# Exercise:
Print only the lines below from the one with "Capybara Silicone Night" to the one with "Whased Print Oversize", both included, exactly as they stand. Leave pictures out.

# Given records:
Start of Block

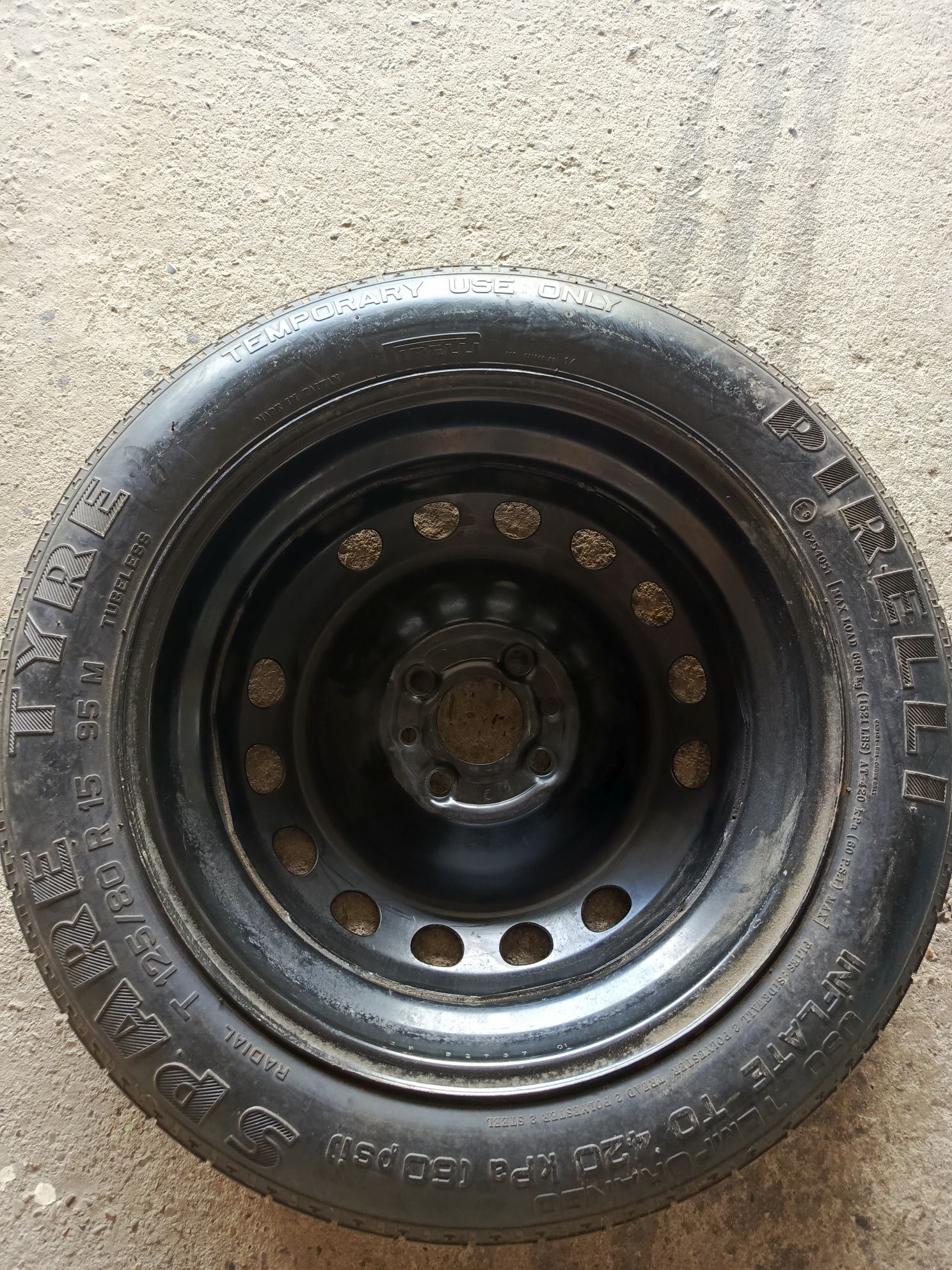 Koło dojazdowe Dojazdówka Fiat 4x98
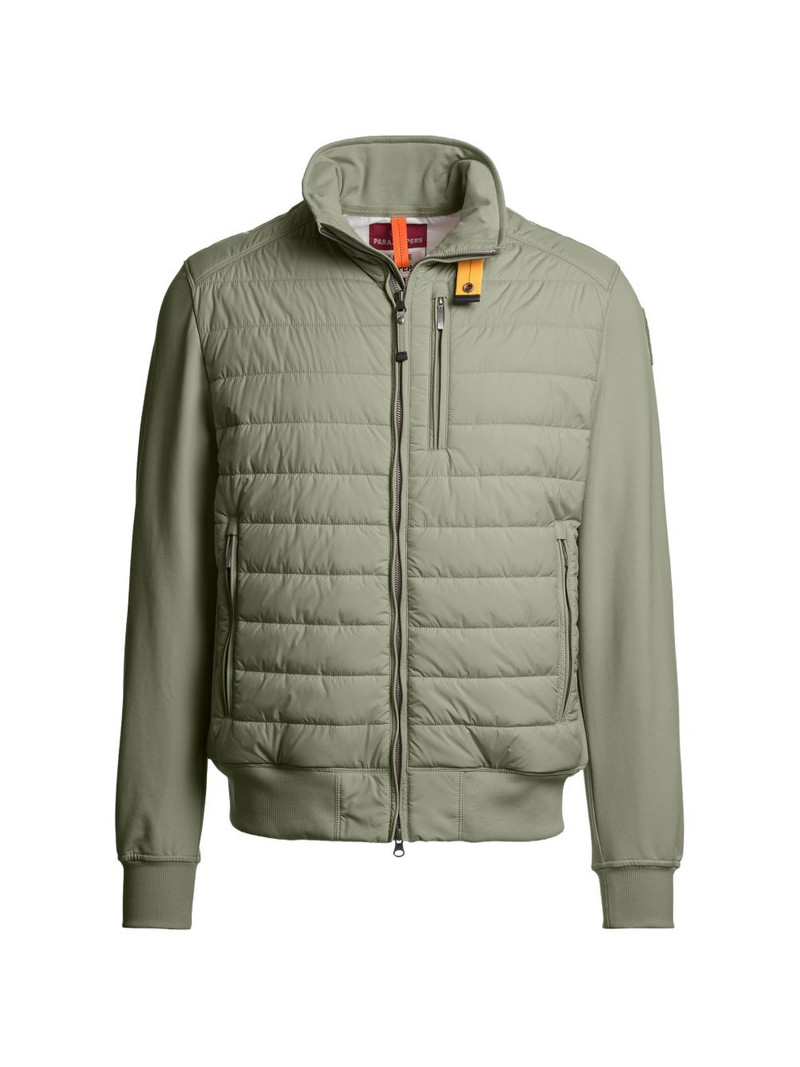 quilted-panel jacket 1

End of Block
Start of Block

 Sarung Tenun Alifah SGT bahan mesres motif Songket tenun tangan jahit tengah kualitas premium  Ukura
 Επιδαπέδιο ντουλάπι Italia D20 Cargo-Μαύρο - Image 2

End of Block
Start of Block

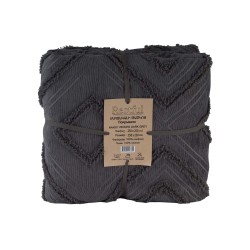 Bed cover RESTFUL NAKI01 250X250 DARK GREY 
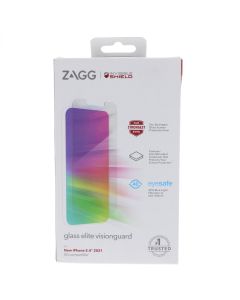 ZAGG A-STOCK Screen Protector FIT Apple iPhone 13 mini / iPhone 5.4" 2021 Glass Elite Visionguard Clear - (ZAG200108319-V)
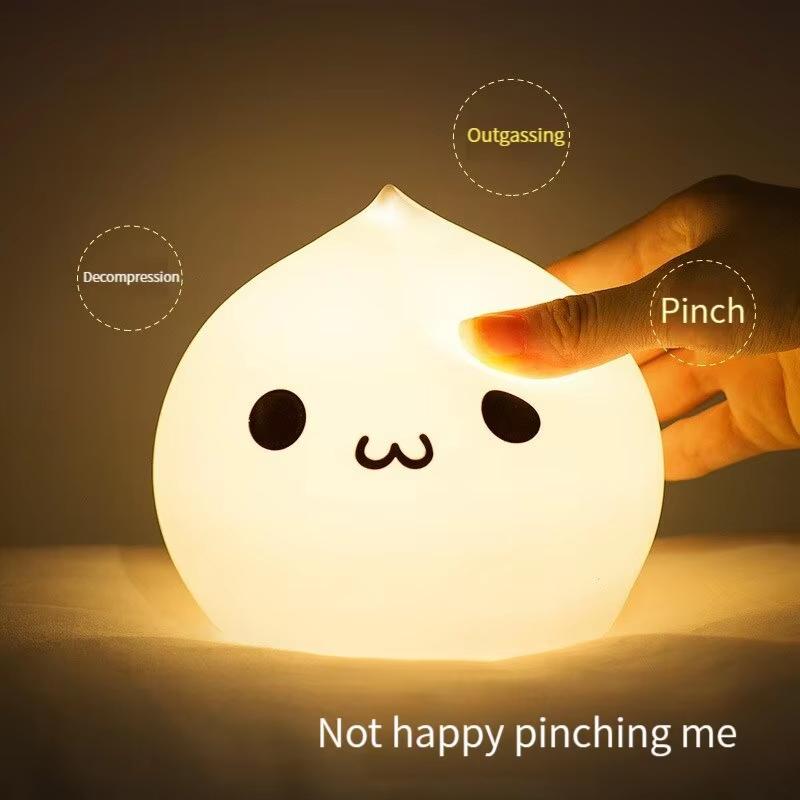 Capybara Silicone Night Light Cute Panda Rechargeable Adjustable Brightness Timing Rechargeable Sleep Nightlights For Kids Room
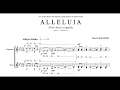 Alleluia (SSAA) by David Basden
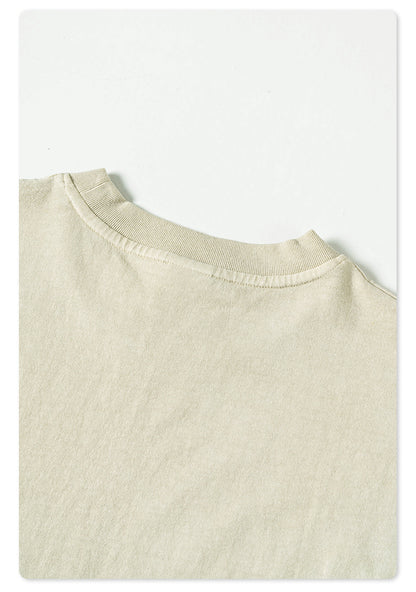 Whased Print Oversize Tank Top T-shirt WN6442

End of Block

# Worked solution:
 Capybara Silicone Night Light Cute Panda Rechargeable Adjustable Brightness Timing Rechargeable Sleep Nightlights For Kids Room
 Alleluia (SSAA) by David Basden
 Whased Print Oversize Tank Top T-shirt WN6442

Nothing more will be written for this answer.